Pour ou contre la frontière
Comme éléments de rapprochement, nous avons bien ici et là deux territoires limitrophes, une frontière, des gardes-frontières et une tentative illégale de passer, par cette frontière, d’un territoire à l’autre. La première position consiste à poursuivre naïvement l’analogie, ce qui permet de traiter de la même manière migrants et Palestiniens. Celui qui veut passer la frontière contre celui qui veut l’en empêcher. C’est sur cette base commune que les points de vue s’opposent ensuite. Selon que l’on est pour ou contre la protection des frontières, l’on approuve ou l’on réprouve l’attitude des gardes-frontières.
Les uns, no borders conséquents, condamnent les soldats israéliens qui tirent, et ils condamnent pour la même raison les militants français, selon eux racistes, qui chassent le migrant au col de l’Échelle. Les autres, défenseurs conséquents de l’idée de frontière, défendent les militants français, et regrettent même peut-être que l’on ne suive pas au col de l’Échelle l’exemple donné par les soldats de Tsahal à la frontière d’Israël. Extrême gauche contre extrême droite.

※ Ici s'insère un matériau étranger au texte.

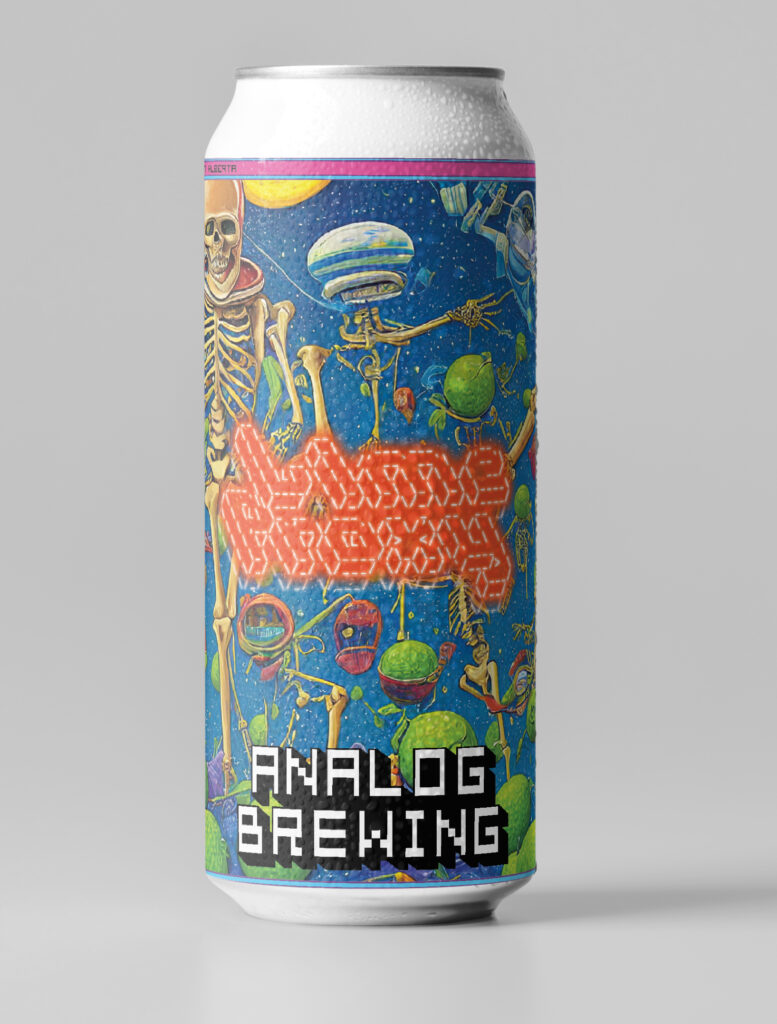 Analog Beer - What We're Brewing Now | Analog Brewing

Mais les uns et les autres se trompent, ils sont dans l’erreur parce qu’ils n’ont pas compris ou pas retenu les leçons juridiques de l’Histoire. Le procès de Nuremberg a pourtant dégagé le concept politique fondamental de notre temps. La clé du problème c’est, en effet, le crime contre l’humanité.
Pour ou contre le crime contre l’humanité : il faut distinguer
Les Israéliens, pour commencer par eux, encourent un génocide s’ils laissent entrer les Palestiniens sur leur territoire. Ces derniers ne sont que des terroristes qui veulent exterminer les civils israéliens sans défense. Plus jamais ça ! Les soldats de Tsahal doivent donc utiliser tous les moyens, sans aucune limite, pour empêcher l’intrusion antisémite. Voilà ce qu’il faut penser et dire pour ce cas.

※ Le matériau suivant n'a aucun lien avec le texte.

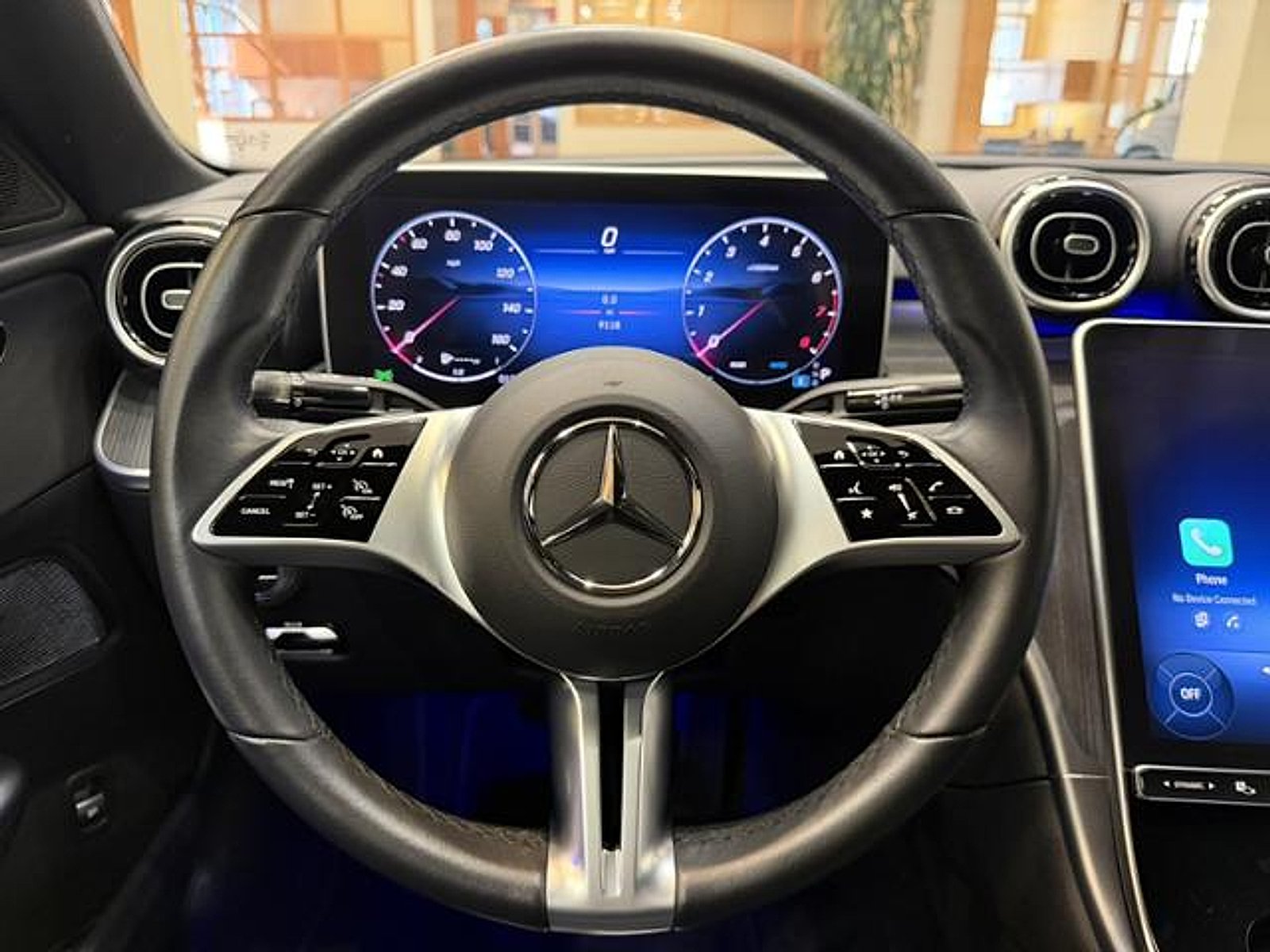 Used 2025 Black Mercedes-Benz  image 12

Et si les migrants, contrairement aux Israéliens, doivent quitter leur pays et tenter d’entrer en France, c’est tout simplement parce qu’ils sont également victimes de génocides. Ce sont des réfugiés qui fuient pour échapper à l’extermination. Le civil africain court dans son pays d’origine un danger de mort, que ce soit par la misère ou par la guerre. Le militant français qui l’empêche d’entrer en France se rend donc coupable d’un crime contre l’humanité. C’est pourquoi son acte est condamnable.
C’est la raison pour laquelle il convient d’applaudir le garde-frontières israélien mais de huer le garde-frontières français nationaliste. D’un côté, dans le camp du bien, du beau et du juste, il y a les victimes, les civils innocents, les « racisés » juifs et africains.
De l’autre côté, dans le camp du mal, du laid et de l’injuste, se retrouvent les criminels arabes musulmans et blancs racistes. Et si vous ne voyez pas la cohérence de cette opinion, si vous n’y adhérez pas, si vous ne luttez pas pour la défendre, c’est que vous ne voulez pas comprendre, c’est que vous êtes de mauvaise foi.
Extrême-gauche antisioniste (no borders) ou extrême-droite sioniste-identitaire, vous serez marqués du stigmate infamant du racisme et de l’antisémitisme, et jetés dans le même sac que tous ces islamo-fascistes. La rédemption et la miséricorde vous restent tout de même accessibles, à vous comme à eux : au Palestinien, s’il consent à émigrer en France, au Français, s’il s’engage comme supplétif aux côtés de Tsahal.